The white stripe method is ranked first for T1wce in both cohorts (C1/C2 10-fold CV C-I: 0.71/0.65, AIC: 1033/547, 10-CV mse: 0.21/0.14, AIC: 410/252). For T1w, the feature-based batch adjustment method, i.e., Combat had the best performance in C1 (0.68, 964, 0.22), while z-score transformation in C2 (0.65, 494, 0.15, 239). Nevertheless, the HM method was ranked second for both cohorts (C1/C2, 0.66/0.64, 970/494, 0.21/0.15, 389/2371). Furthermore, the top two ranked methods for T2w in both cohorts were Combat (C1/C2 0.62/0.67, 661/417, 0.22/0.13, 292/199) and the HM method (C1/C2 0.65/0.67, 667/415, 0.22/0.13, 294/200). As for T2w-FLAIR, the Fuzzy C-Means algorithm showed the best performance in C1 and C2, however, with different masks. For C1, the mask combination of wm and mode (0.67, 907, 0.21, 366) had the best performance, while the mask combination of wm and csf (0.72, 508, 0.15, 230) showed the best results for C2. Nevertheless, the former was ranked second in C2 (0.72, 517, 0.18, 235). Performance metrics of the remaining models in both cohorts are summarized in
Supplementary Tables S4 and S5.
3.2. Significant Feature Correlation between the Normalized Datasets
Spearman correlation heatmaps between the different normalization methods of the significant features identified for each of the bin counts considered were plotted. An example of T1wce significant features from C1 and bin count 32 is shown in
Figure 5. The remaining heatmaps can be seen in
Supplementary Figure S1.
The 10-CV C-I and mse of the CPH and POI models with only the stable features that have a high correlation (rs >0.8) between at least 12 methods are reported in
Table 4. Boxplots of the difference for each modality in both cohorts is shown in
Figure 6.
3.3. Performance Comparison of the Feature-Based and Top Ranked Image-Based Normlaisation Methods
Table 5 summarizes the performance of the top-ranked image normalization method separate and in combination with the feature-based method Combat for cohorts C1 and C2. Since Combat ranked first for the T1w models from C1 and T2w models from C2, the second-ranked method, i.e., the HM method, was the image-based intensity normalization method for these two datasets.
4. Discussion
This study evaluated the impact of MRI intensity normalization algorithms on MR-based radiomics survival prediction models in primary and recurrent high-grade glioma. The sequences considered are T1w, T1wce, T2w, and T2w-FLAIR. Performance assessment of the intensity normalization method-specific CPH and POI survival prediction models showed an impact on the survival predictions between the different intensity normalization methods and the different MR sequences. Therefore, it can be concluded that the MR intensity normalization approach directly impacts the overall power of the radiomics based MR predictive models. Moreover, considering the variability of the acquired results for the different MR sequences, it can be seen that the intensity normalization algorithm performance is correlated with the MR sequence and that the problem cannot be simplified to one intensity normalization method.

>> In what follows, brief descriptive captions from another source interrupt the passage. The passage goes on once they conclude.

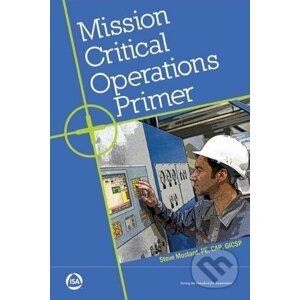 Mission Critical Operations Primer - Steve Mustard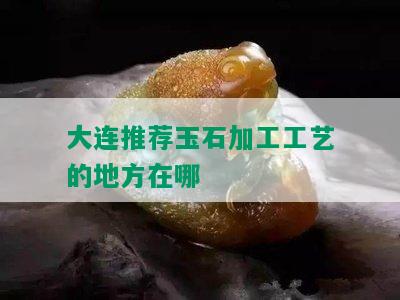 大连推荐玉石加工工艺的地方在哪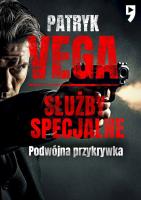 Służby specjalne. Podówjna przykrywka. Autor: Patryk Vega. SmakLiter.pl Okładka książki Służby specjalne. Podówjna przykrywka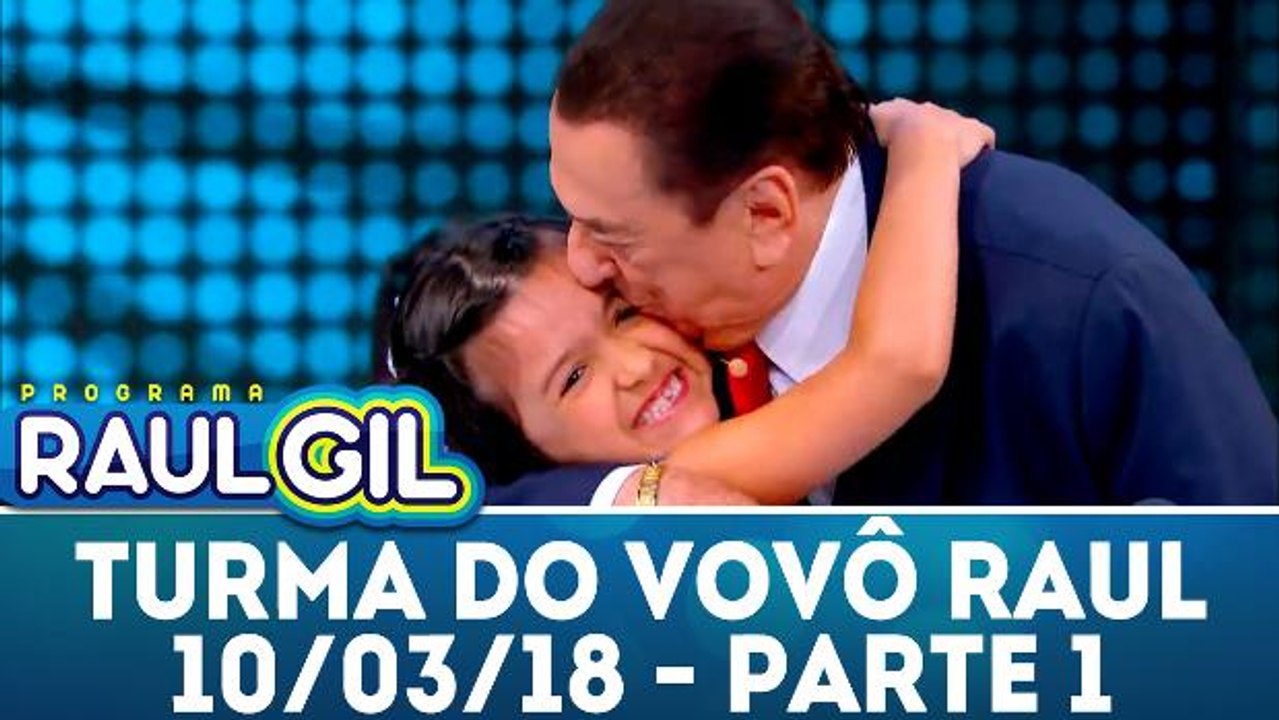 Turma do Vovô Raul - 10.03.18 - Parte 1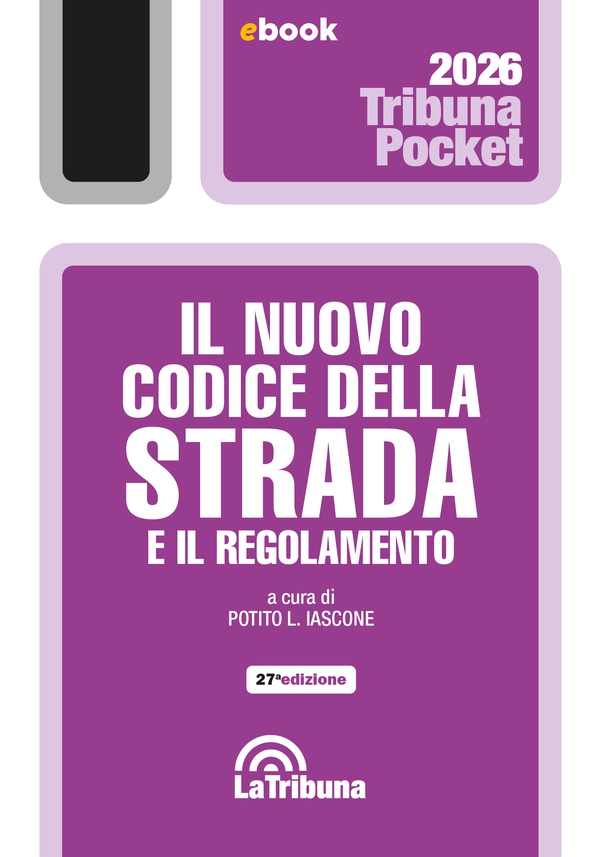 Il nuovo codice della strada e il regolamento - Librerie.coop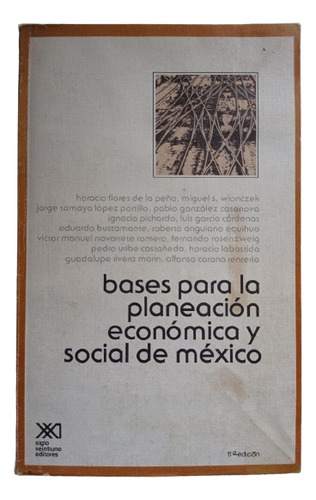 Bases Pra La Planeación Económica Y Social De México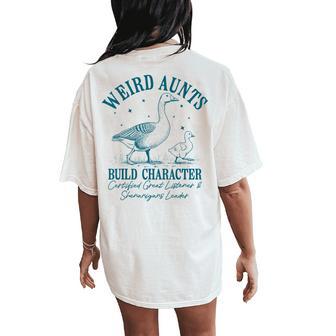 Goose Weird Aunt Builds Character Witty Retro Family Quote Women's Oversized Comfort T-Shirt Back Print - Thegiftio UK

Due to these variations and for a better interpretation of the results, the ranking score was developed, from which it was observed that the WS method showed promising results in T1wce models as it was ranked first in two independent multi-scanner datasets. Combat and the HM method showed consistent prediction results between the two cohorts for T2w models. These two methods were also the two top-performing methods for T1w in C1, however only HM achieved high predictions in C2 and not Combat. Though, this might be due to the higher number of batches and the number of images per batch, as 22% of T1w images in C2 were missing, which renders batch effect removal more challenging. As for T2w-FLAIR, the FCM showed favorable results in both cohorts; however, with different mask combinations, including the wm and csf or wm and mode. A tighter intensity range is observed in T2w-FLAIR than the other sequences, as csf signals are attenuated. These results might indicate that a mask-based normalization approach might be more favorable when dealing with images with tighter intensity ranges. The application of both an image-based and feature-based normlisation method had little impact on the perfomnce of the CPH and POI models. Excceptions were observed in the dataset where combat was ranked first, i.e T1w in C1 and T2w in C2.

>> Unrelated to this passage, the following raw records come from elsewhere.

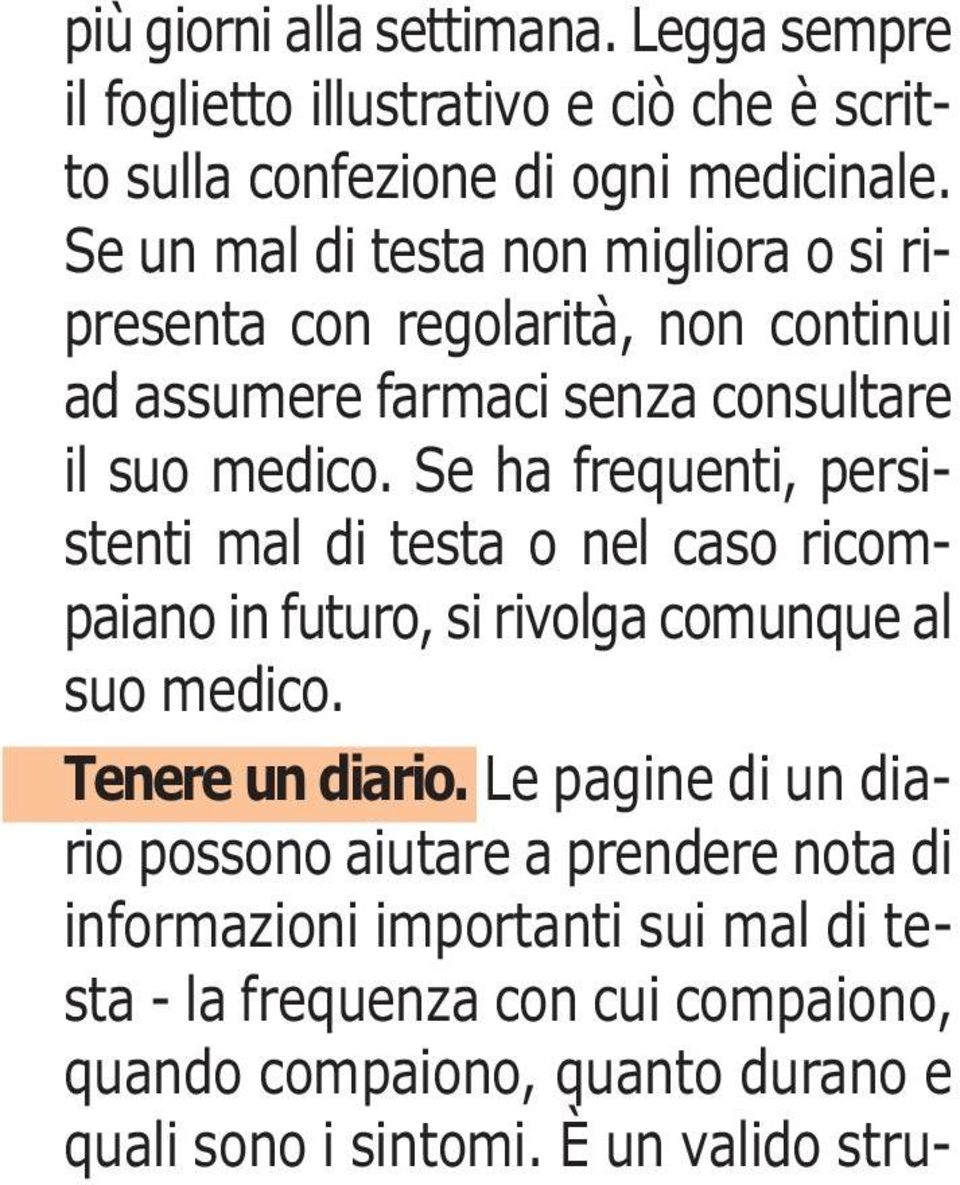 Se ha frequenti, persistenti mal di testa o nel caso ricompaiano in futuro, si rivolga comunque al suo medico. Tenere un diario.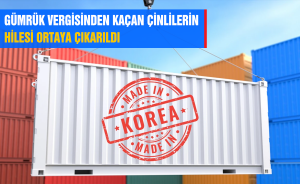 GÜMRÜK VERGİSİNDEN KAÇAN ÇİNLİLERİN HİLESİ ORTAYA ÇIKARILDI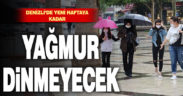Denizli’de yeni haftaya kadar yağış var
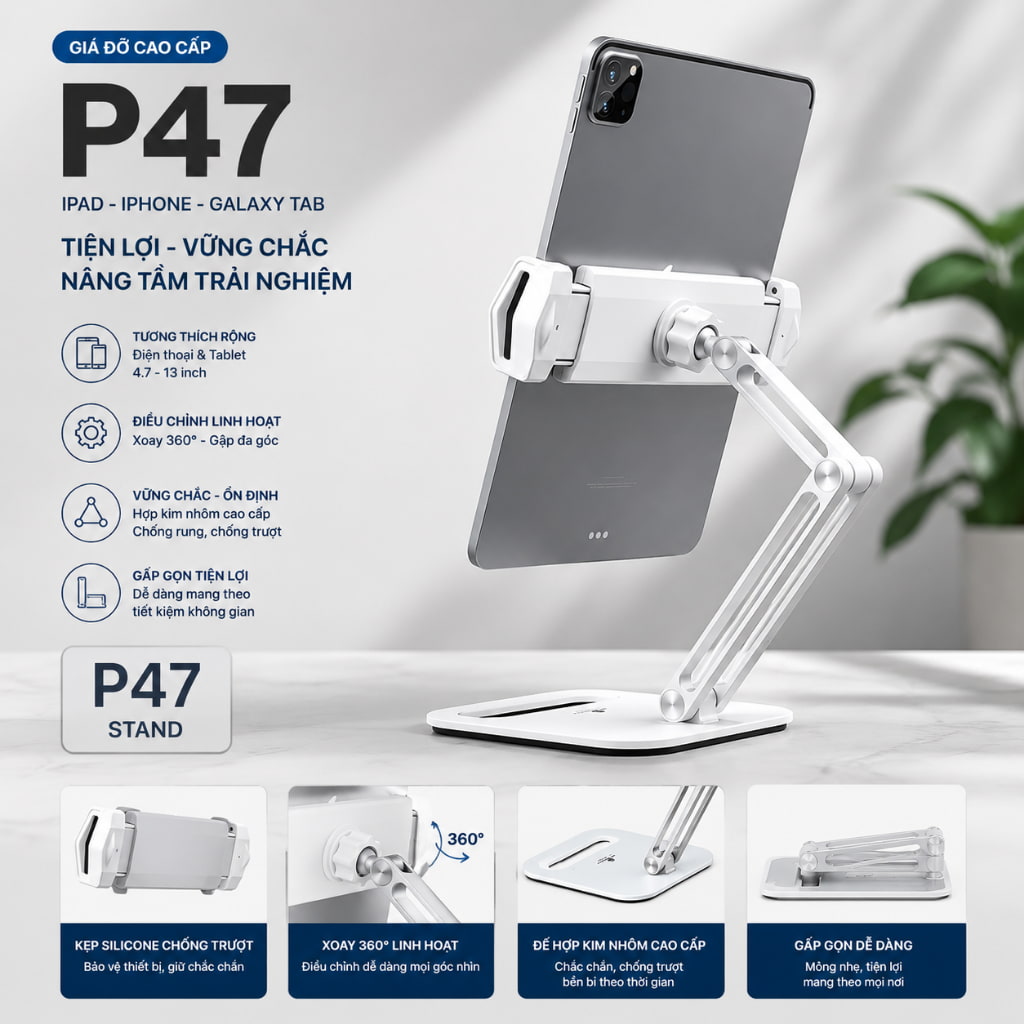 Giá Đỡ Hợp Kim Nhôm P47 Cho Điện Thoại, iPad & Máy Tính Bảng – Xoay 360°, Gập Đa Góc 14 Giá Đỡ Hợp Kim Nhôm P47 Cho Điện Thoại, iPad & Máy Tính Bảng – Xoay 360°, Gập Đa Góc - Ảnh 14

As CPH models were part of the radiomics signature building pipeline, POI models were also trained to assess whether model performances were biased to CPH models. Comparably to CPH models, the impact of the intensity normalization methods was also observed in the POI models. Furthermore, the performance of both models was similarly affected after the elimination of the intensity normalization impacted significant features. A mean decrease in the 10-CV C-I and 10-CV MSE of 0.05 and 0.03 was observed in all four sequences across both cohorts. The use of a correlation coefficient between different normalization methods as a feature robustness check results in a tradeoff between model stability and the risk of eliminating important imaging biomarkers.

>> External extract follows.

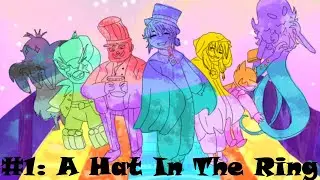 A Hat In Time: The Musical - A Hat In The Ring
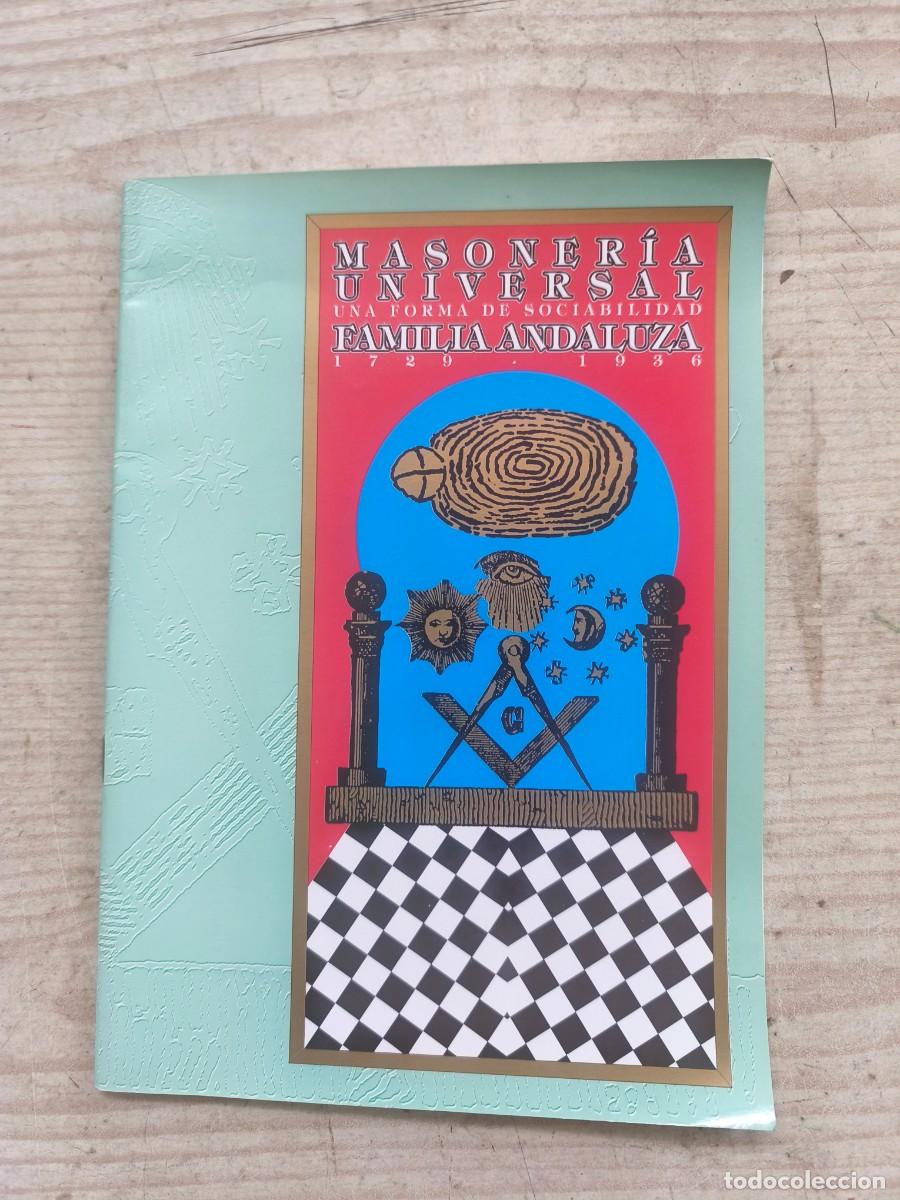 Livres d'occasion: Masoneria Universal - Una Forma de Sociabilidad - Familia Andaluza (1729-1936) - 1997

This study included 2 independent HGG cohorts collected from a single university hospital, UKHD. However, since the data cohorts included data between 2008 and 2019, 19 different scanners from 3 vendors with a 0.5 to 3.0-Tesla range were identified. Noting that the OS models derived from the non-normalized datasets generally ranked low in both cohorts across the sequences, the application of intensity normalization has indeed improved the OS prediction in radiomics survival models, demonstrating that the need for intensity normalization is based on the number of scanners and image protocols identified in the cohorts and not necessarily only the number of centers. However, an exception is seen in the T1w dataset in C1. This might be because a high number of images in the T1w dataset from C1 were reconstructed using NiftyMic (as mostly 2D MR scans were present) and therefore preprocessed prior to applying the intensity normalization methods [
66].
Since multiple MR scanners were found in both cohorts, where some have been withdrawn from clinical practice, the application of phantoms to assess the actual impact of the IN methods could not be performed. Therefore, the hard endpoint OS was used in this study as a possible appropriate surrogate.
In literature, multiple intensity normalization methods have been reported in HGG radiomics studies where all implemented the same method across all MR sequences [
56]. However, as demonstrated in this study, the performance of the different methods varies. This study shows that the variations are big and that if reproducibility of the radiomics model is to be possible, the method of intensity normalization should be reported. Another way is to eliminate features impacted by the different normalization methods. When unstable features are impacted, the performance of the individual MR sequence prediction models is reduced, a necessary trade-off for stable radiomics models. However, combining multiple stable radiomics signatures from multiple MR sequences or modalities might mitigate that reduction and lead to high survival prediction models.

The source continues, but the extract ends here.